Cover - Nah, sorry. I love the figure but the filter used on the clock behind makes it look pixelated and spoils it for me.

Nerve Centre - Very exciting nerve centre from Tharg, ooooooh!

Dredd - Class. A cracking script (again!) by Al Ewing and beautiful art by Karl Richardson. Once again, Al mixes the old (Blockmania) with the new to make a tale that's accessible to all. I absolutely loved Dredd's 'speech', it was hilarious, as was the banter between the newsreaders. Excellent stuff all round.

Red Seas - Exposition Alley but fun nevertheless.

Cradlegrave - Aaaah, the main event. A really horrible, satisfying, yet strangely uplifting ending. John Smith has some absolutely horrible ideas floating around in his brain and some of this weeks, and last weeks, panels made me actually gasp! Dammit there's no spoiler tags so don't read the next bit if you haven't read the strip yet...

The page of Mary's death at the hands of the mob contrasting with her childhood memories is so sickening and yet so beautiful at the same time - just... wow! Skully's demise was similarly disgusting - people eating celery indeed, ugh! Amazing tale, hats off to both creators. I can't wait to read this all in one disgusting lump now.

Sin Dex - Bah, Dabnett bottles it! I really want Sin Dex to have more credibility as I really enjoy it and kinda casually killing Kal would have gone some way towards doing this. I love the new doctor though and his little minions are great - very Toy Story!

Defoe - Gubu! I'm really enjoying this. Mills and Gallagher introduce us to more great baddies who have wonderful dialogue and another cool concept - clockwork zombies (shame they wuz in Dante t'other week.) As ever, the script is heavy on the exposition but it doesn't jar too much. As you'd expect, the art is superb.

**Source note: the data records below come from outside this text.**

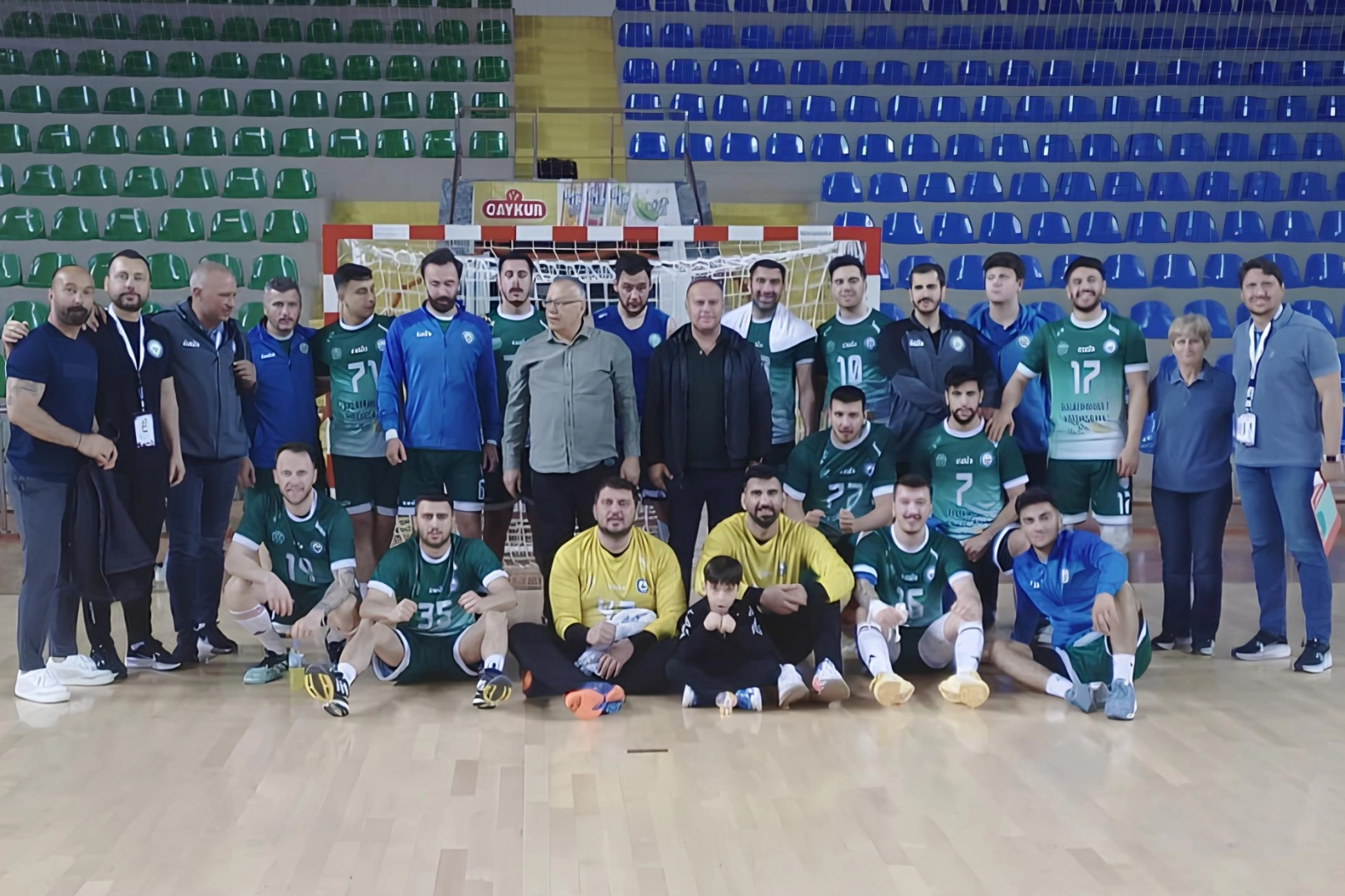 Bursa Nilüfer Belediyespor ligi galibiyetle tamamladı haberi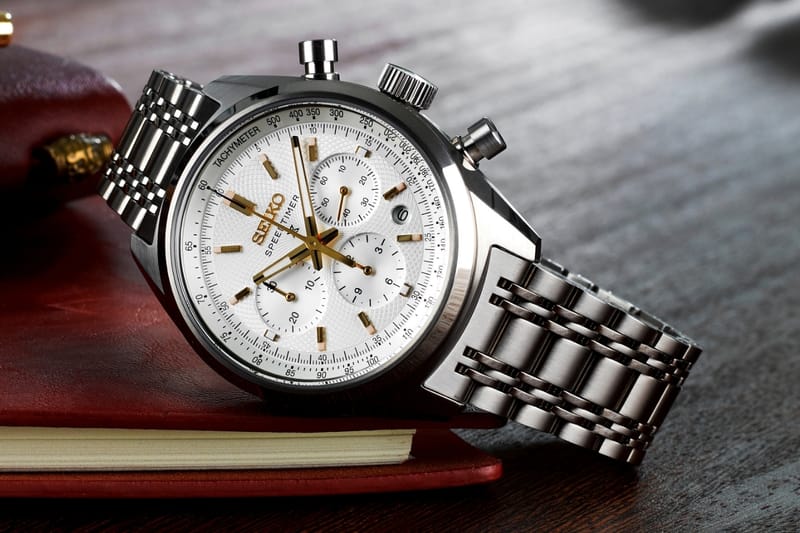 Seiko celebra 145 anos com 4 relógios em edição limitada irresistíveis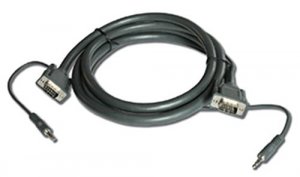 Kramer C-GMA/GMA-35 35' 15p Hd3.5mm Sa-cable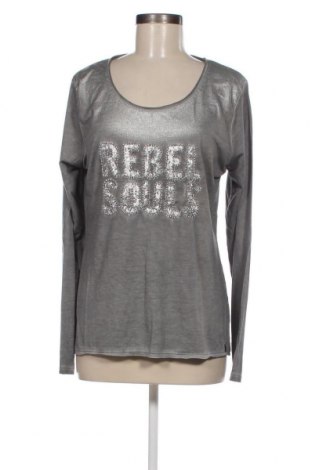 Damen Shirt Key Largo, Größe M, Farbe Grau, Preis € 10,20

Yet another superb prog with the promise of a Dredd Mega Epic in five weeks - I'm gonna pop!!!

Colin YNWA

What a fun way to start the weekend! Normal disclaimer of Defoe aside (I really will go back to the beginning of Defoe and read it in one go one day and try again with it!).

Agree with Pete totally about Yeowell's art I love it but I've noticed a couple of times recently that its doesn't seem to be scanned well and appeared pixalated, not just the cover but in Red Seas as well. Not sure why this is but its a shame.

Cradlegrave finished really really well. Loved it. Bold, scarey, sad, brutal, ugly and uplifting. Simply brillant. Having read quite a bit of Mr Smith's work lately I'm really having to rethink top three 2000ad writers as I don't think he can be excluded from it any longer. Genius. Art has been excellent throughout as well.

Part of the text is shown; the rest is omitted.